Marché noir – Début 2026 : le dinar algérien décroche face à l’euro
Début 2026, l’euro grimpe au marché noir par rapport à la fin de l'année passée © Unsplash - Algérie Zoom
L’euro et le dollar repartent à la hausse face au dinar algérien sur le marché noir en ce début d’année. La monnaie nationale continue de perdre du terrain, et l’écart avec les cotations officielles s’élargit.
Au square Port-Saïd d’Alger, les cambistes ont affiché dès le 3 janvier des prix en dinar algérien en hausse sur le marché noir : 278,50 dinars pour un euro, 236,50 pour un dollar. Ces valeurs marquent le premier jour de cotation de 2026 et donnent le ton.
Côté officiel, l’euro est coté à 152,09 dinars et le dollar à 129,57. L’écart est vertigineux : plus de 126 dinars de différence pour l’euro, près de 107 pour le dollar. Les autres devises suivent la même logique : sur le marché noir, elles s’échangent à des niveaux bien supérieurs aux cotations de la Banque d’Algérie. Ce fossé illustre la déconnexion entre les chiffres institutionnels et la réalité vécue par les ménages et les commerçants.
Une année de glissements
En un an, l’euro a gagné devant le dinar algérien plus de 32 DZD sur le marché noir. Le billet de 100 euros coûte désormais 3.200 dinars de plus qu’en janvier 2025. Même sur le marché officiel, la monnaie nationale recule : 11 dinars perdus face à l’euro en douze mois. Le dollar suit une trajectoire similaire, confirmant la tendance générale de dépréciation.

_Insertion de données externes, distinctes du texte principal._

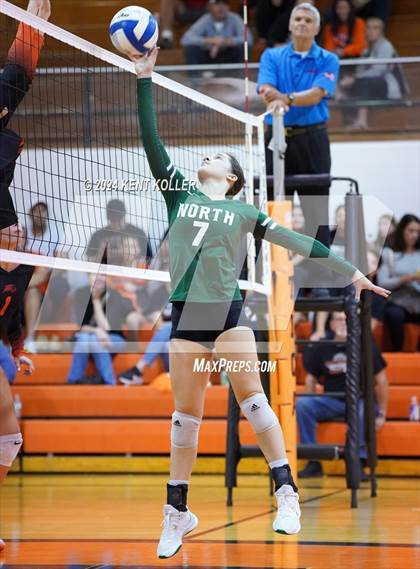 Thumbnail 1 in Grosse Pointe North @ Utica photogallery.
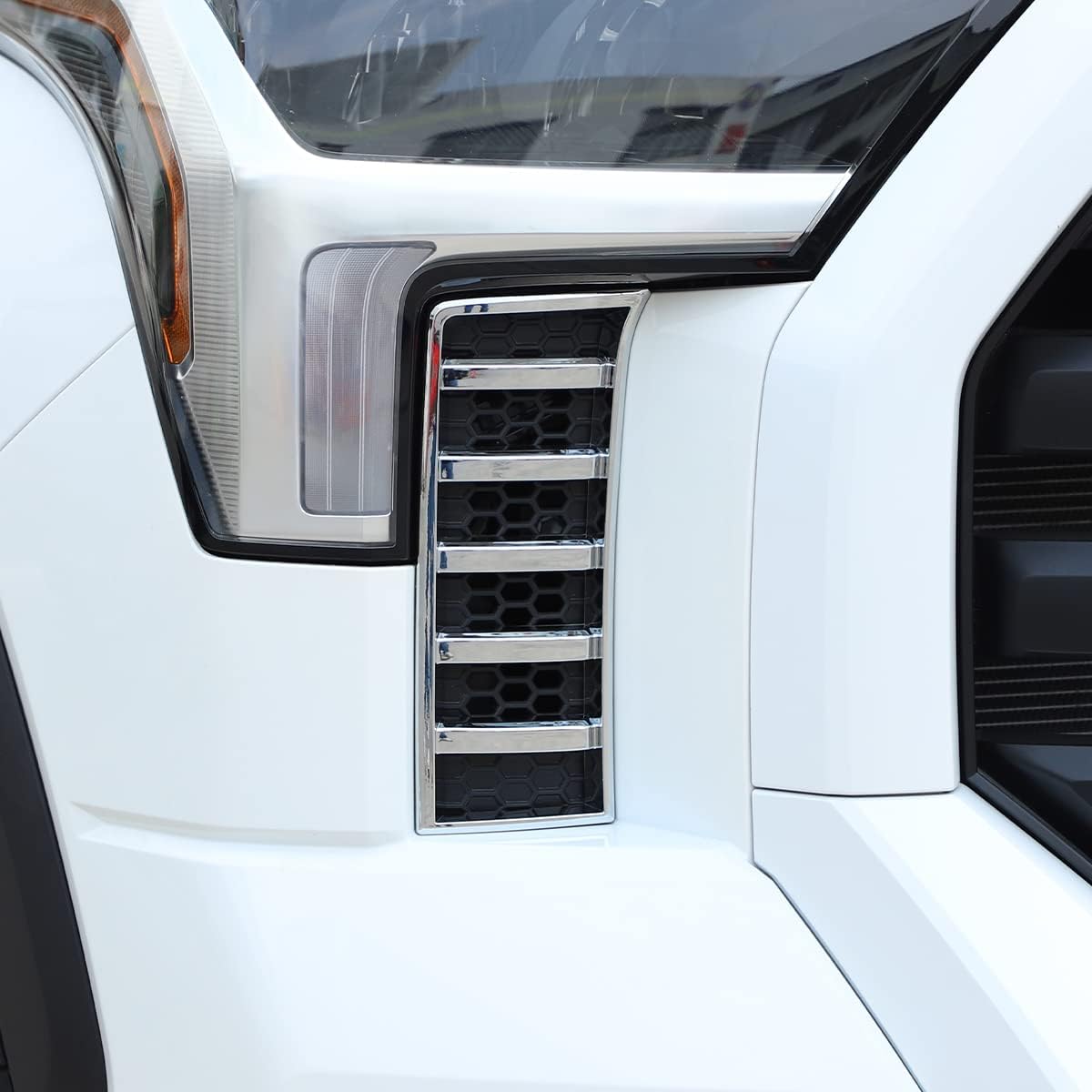 Front Bumper Side Grille Trim Compatible with Toyota Tundra 2022-2024 2025 Accessories, ABS Front Grill Mesh Air Intake Cover, 2PC Set (Sliver)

Les autres devises dans la même dynamique
Les images des cotations montrent que la livre sterling, le franc suisse ou encore le dollar canadien évoluent aussi à des niveaux élevés dans le change parallèle. Chaque devise traduit la même réalité : le dinar s’affaiblit, et les écarts avec les cours officiels deviennent structurels. Pour les importateurs, les étudiants à l’étranger ou les familles qui envoient de l’argent, ces différences pèsent lourd.
Le début de 2026 confirme que le dinar reste sous pression. Le marché noir impose ses prix, tandis que les cotations officielles peinent à refléter la réalité. Entre les deux, les citoyens naviguent dans un système à double vitesse, où la valeur de la monnaie nationale se mesure davantage dans les ruelles du square que dans les communiqués de la Banque d’Algérie.